CHAPITRE II DISPOSITIONS RELATIVES AUX ÉLECTIONS RÉGIONALES

Article 6 (tableau n° 7 annexé au code électoral) Répartition des conseillers régionaux entre régions et des candidats entre sections départementales

L'article 6 modifie le tableau n° 7 annexé au code électoral auquel renvoie son article L. 337 pour fixer le nombre de conseillers régionaux par région et le nombre de candidats par section départementale. En effet, depuis loi n° 2003-327 du 11 avril 2003, les conseillers régionaux restent élus par région avec une obligation de présentation de candidatures par section départementale.

Depuis sa rédaction initiale, cet article emporte trois modifications du droit actuel :

- il adapte le tableau répartissant les conseillers régionaux entre régions et les candidats par section départementale pour tenir compte des modifications opérées par l'article 1 er du présent projet de loi ;

- il détermine également le nombre de candidats par section départementale au sein de chaque région ;

- il détermine le nombre de conseillers régionaux par région.
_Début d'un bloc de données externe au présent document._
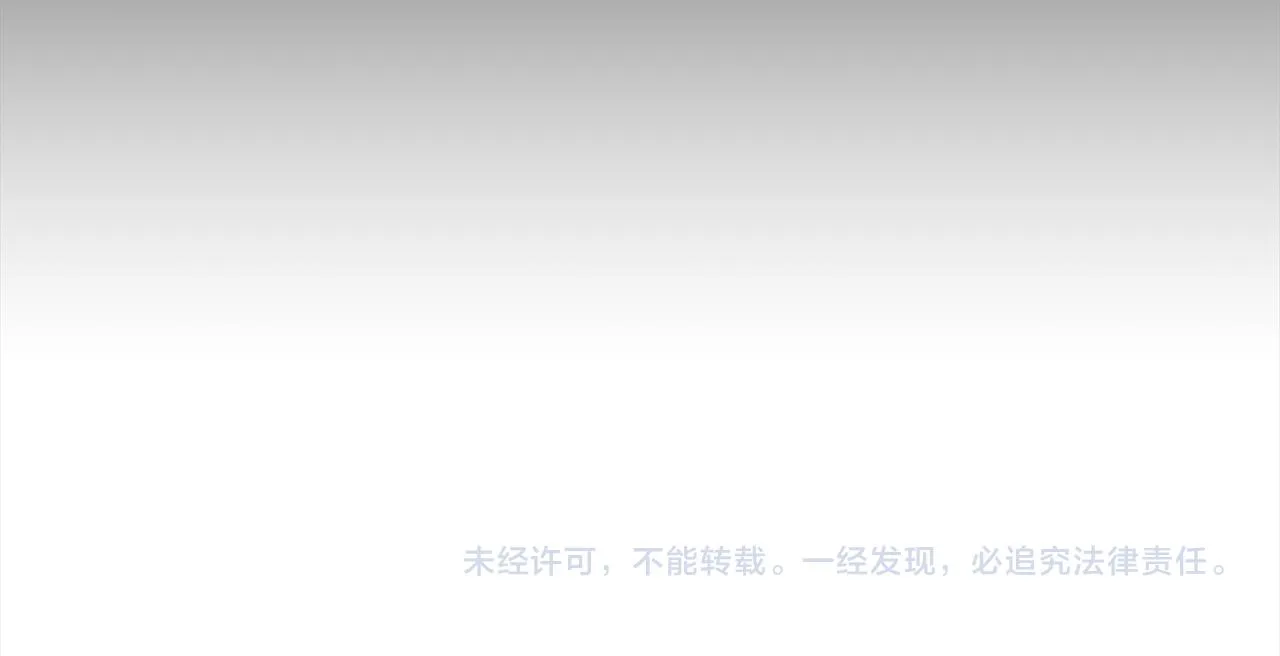 第二季完结篇 无能为力 第134页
L'adaptation du tableau aux délimitations régionales

Au cours de l'examen parlementaire, la répartition de sièges entre conseils régionaux a évolué en fonction du sort réservé à l'article 1 er . En première lecture, le Sénat l'avait, en séance publique, supprimé en adoptant un amendement de notre collègue Christian Favier, par cohérence avec la suppression de l'article 1 er . À l'Assemblée nationale, le tableau a évolué, à l'initiative du rapporteur, tant en commission qu'en séance publique, en fonction des délimitations régionales décidées à l'article 1 er .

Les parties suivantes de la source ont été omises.